"Kader gayrete aşıktır" demiş Yunus Emre, bu cümleye neler neler yazılıp çizilmiştir. Belki kişi kendisiyle münakaşa etmiştir bu cümle için, belki bir çift gidişatı tek kişilik olan bir ilişkide diğerine ettiği sitemde kullanmıştır, belki de pes edeceği zaman bu cümleye sarılmıştır birileri kim bilir?
Ya da hepsi bir arada.
Yetişkin hayatını sevemiyorum, insanın mücalesinin üniversite sıralarında başladığını düşünürdüm, değilmiş. İş hayatı okyanus gibi, küçük yerlerde olunmasına rağmen. Gayret etmek, çabalamak her gün yeniden her şeye rağmen kendini kaybetmeden (birçok anlamda) mücadele edebilmek herkesin harcı değil, kesinlikle. İçin yangın yeriyken yüzüne gerçekten farksız olması gereken bir tebessüm maskesi takabilmek hiç kolay değil.
Evde bir evlat, kardeşlerine bir kardeş, arkadaşlarına dost, sosyal hayatında bir birey olmak için yanıp kül olup külünden yeniden yanarken hiç de basite indirgenecek bir olay değil.
Ayna karşısında kendine yumuşak, şefkat dolu sözler söyleyebilecek kadar aran iyi olmuyor bazen mesela kendinle. Başkasının sana davranmasını istemeyecek kadar sert dille eleştiriyorsun kendini. Sen onu bir başkasına yapmazsın ama kendini yerden yere vuruyorsun sahi seviyor musun kendini?
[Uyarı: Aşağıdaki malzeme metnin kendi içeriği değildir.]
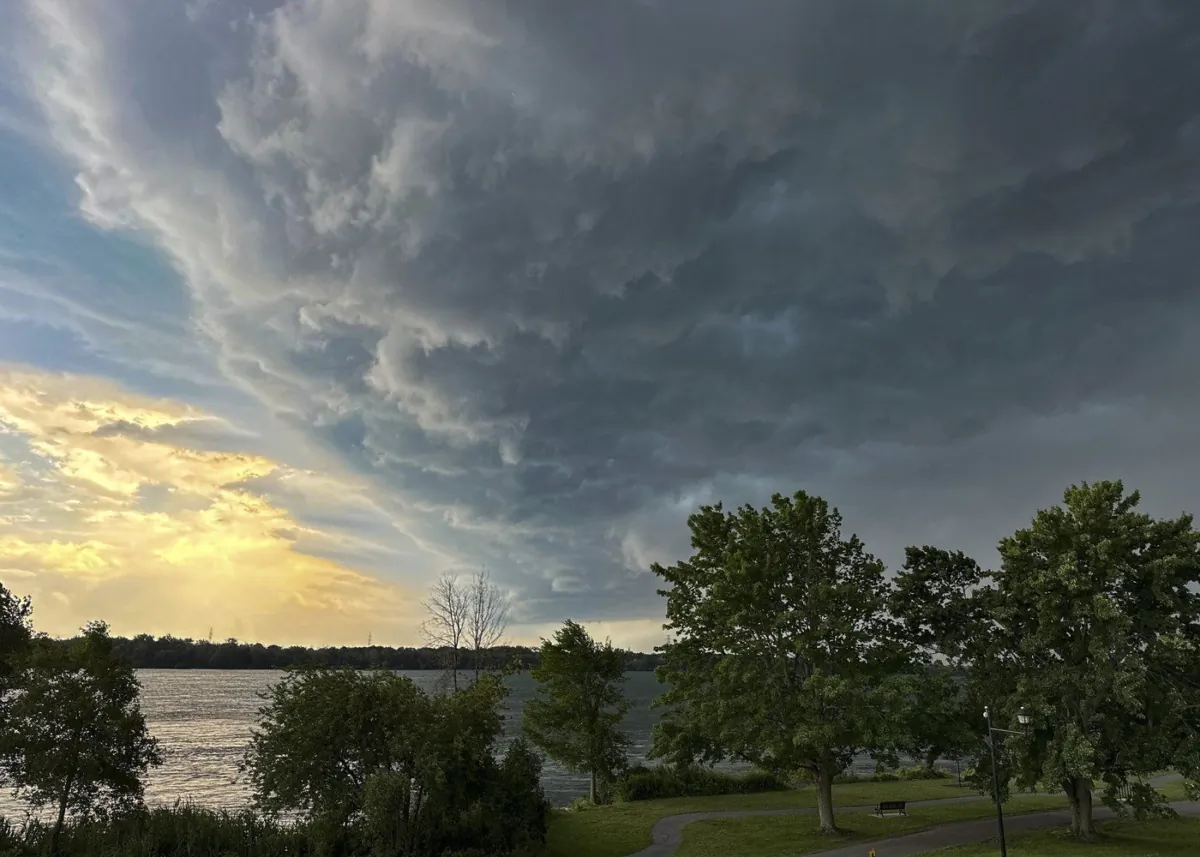 Storm clouds move across the sky as Environment Canada issued tornado warnings July 13, 2023 in Montreal. (The Canadian Press/Christinne Muschi)

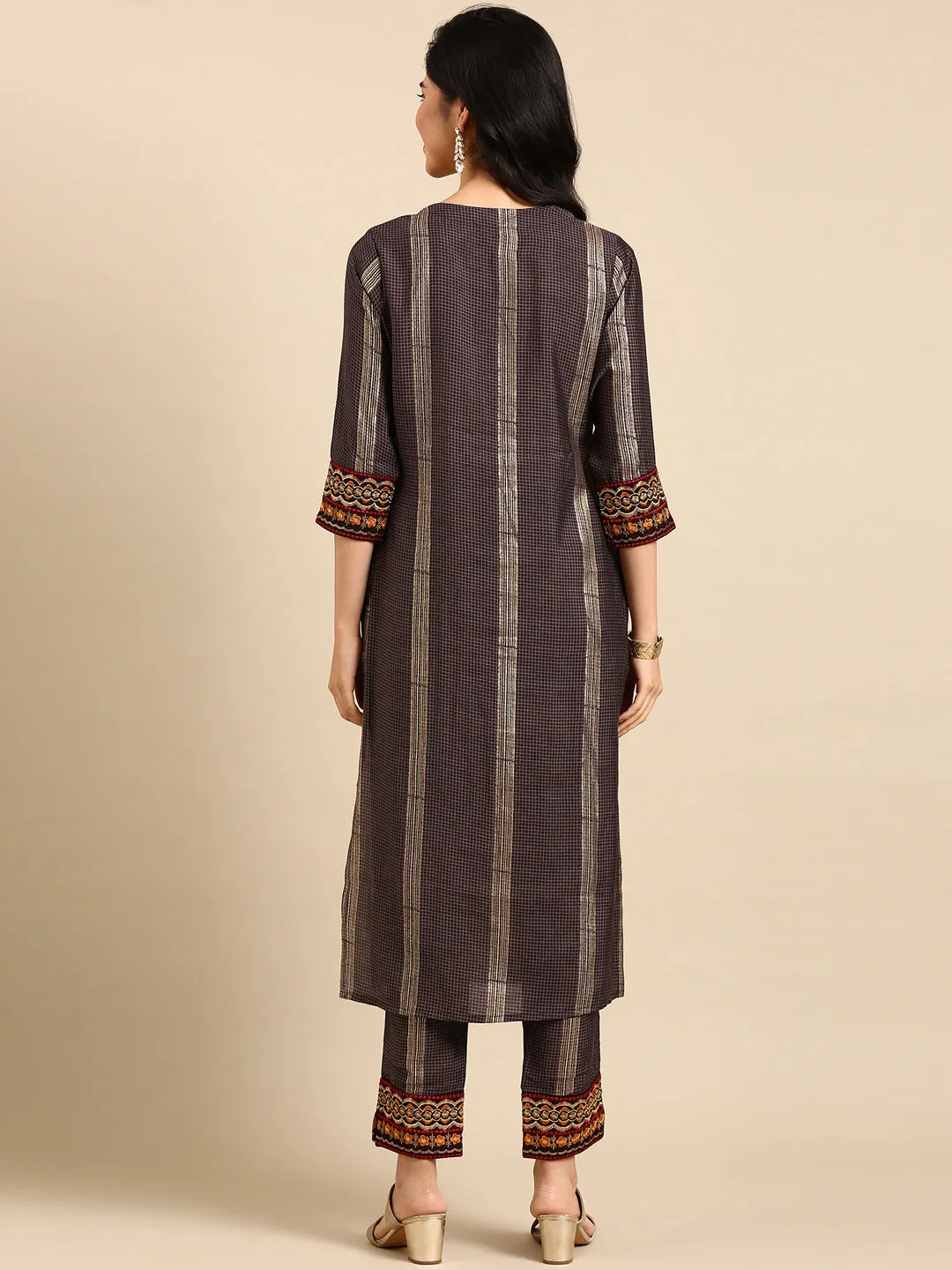 Women Grey Embroidered Checked Straight Kurta Set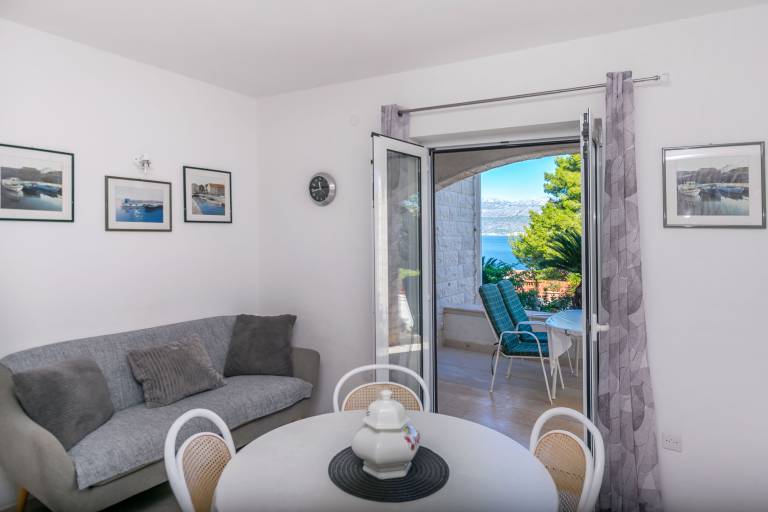 Charming rental apartment with barbecue & terrace | Sea view | Pet-friendly — photo 4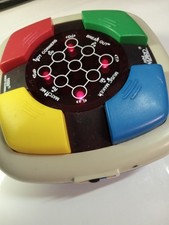 VTech Mini Wizard Handheld Electronic Talking Travel Game Vtg. 1987 Music/Memory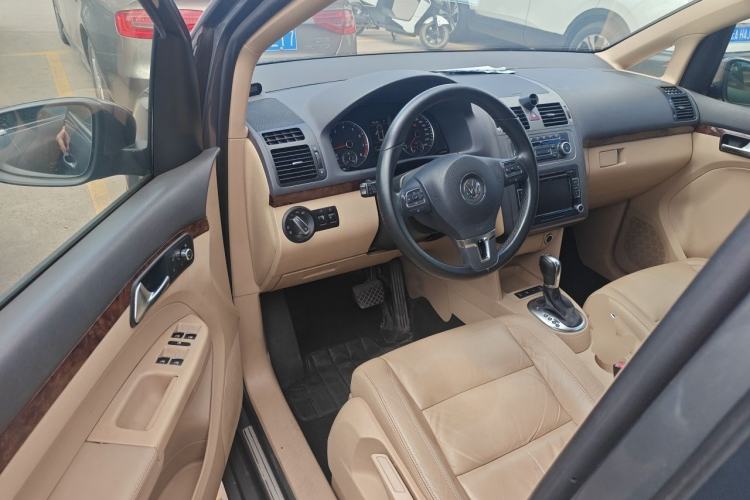 Used Volkswagen Touran 2011 1.4T DSG ZhiZhen Edition 5 Seats Driver Seat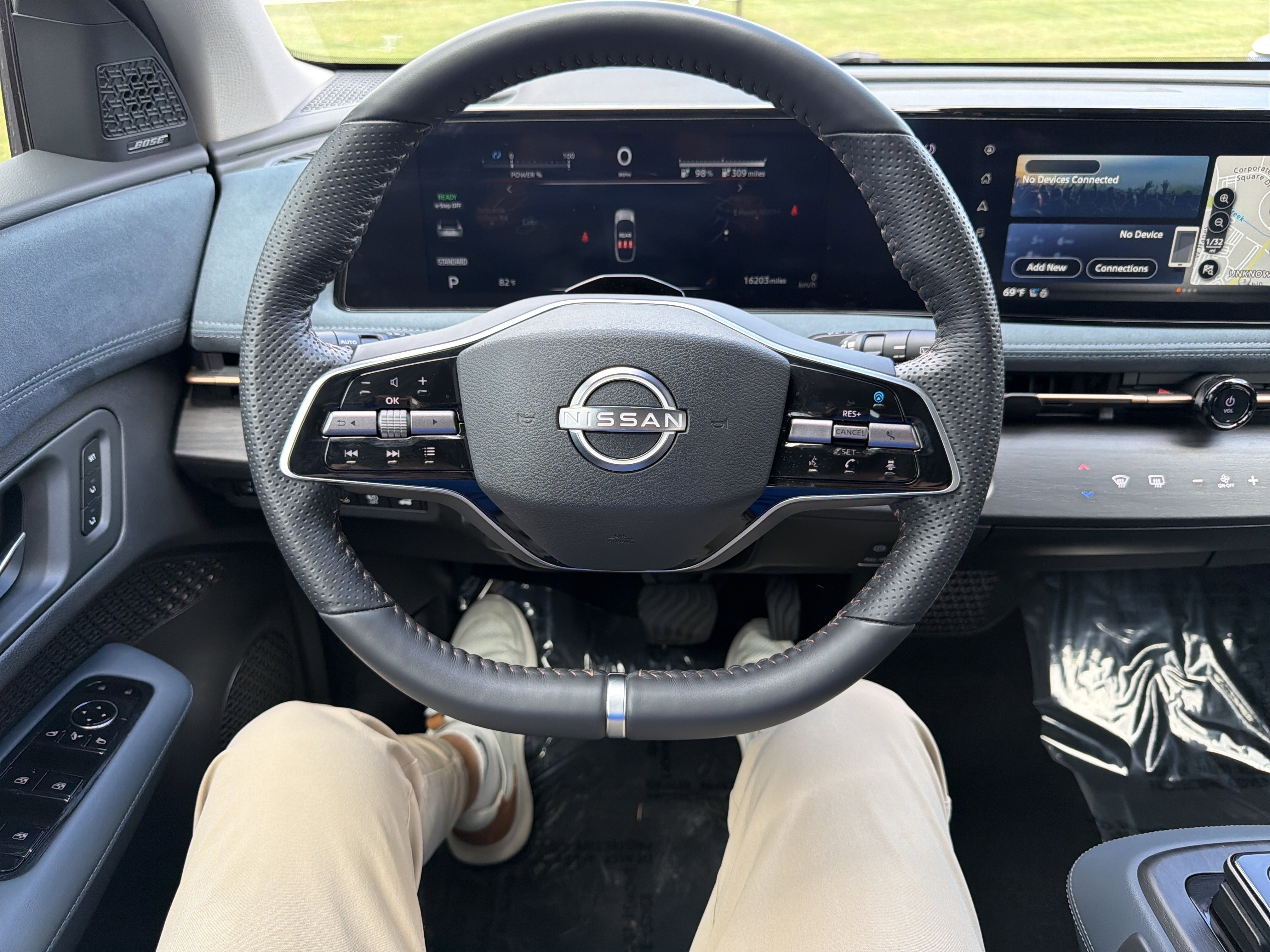 Used 2023  Nissan  image 13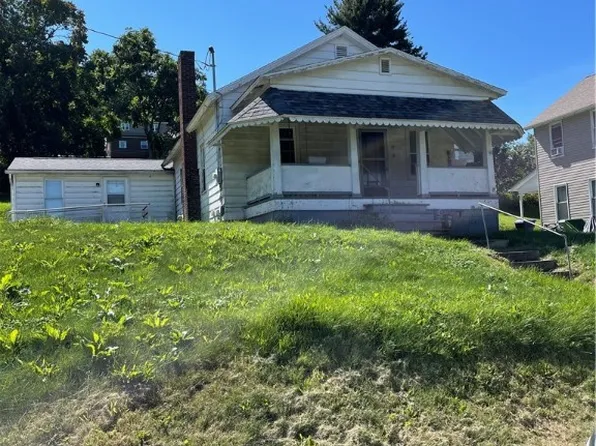 219 E 2nd St, East Brady, PA 16028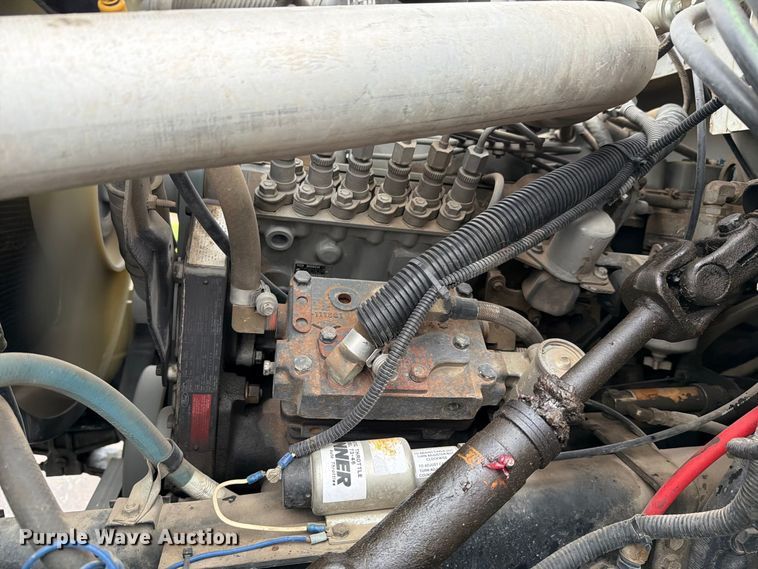 image for item EV2499 1997 Ford F800 digger derrick truck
Gayret edebiliyor musun? Düşünce tutunmadan kalkabiliyor musun mesela? Ağlayarak uyuyakaldığın sabahında seni ağlatan insana şans veriyor musun? Unutabiliyor musun acı tecrübelerini yoksa üzerine yenilerini mi ekliyorsun? Hayır bu sitem değil, bu da bir yolculuğun başı işte.
Yürümek ister misin kendine, kendi içine?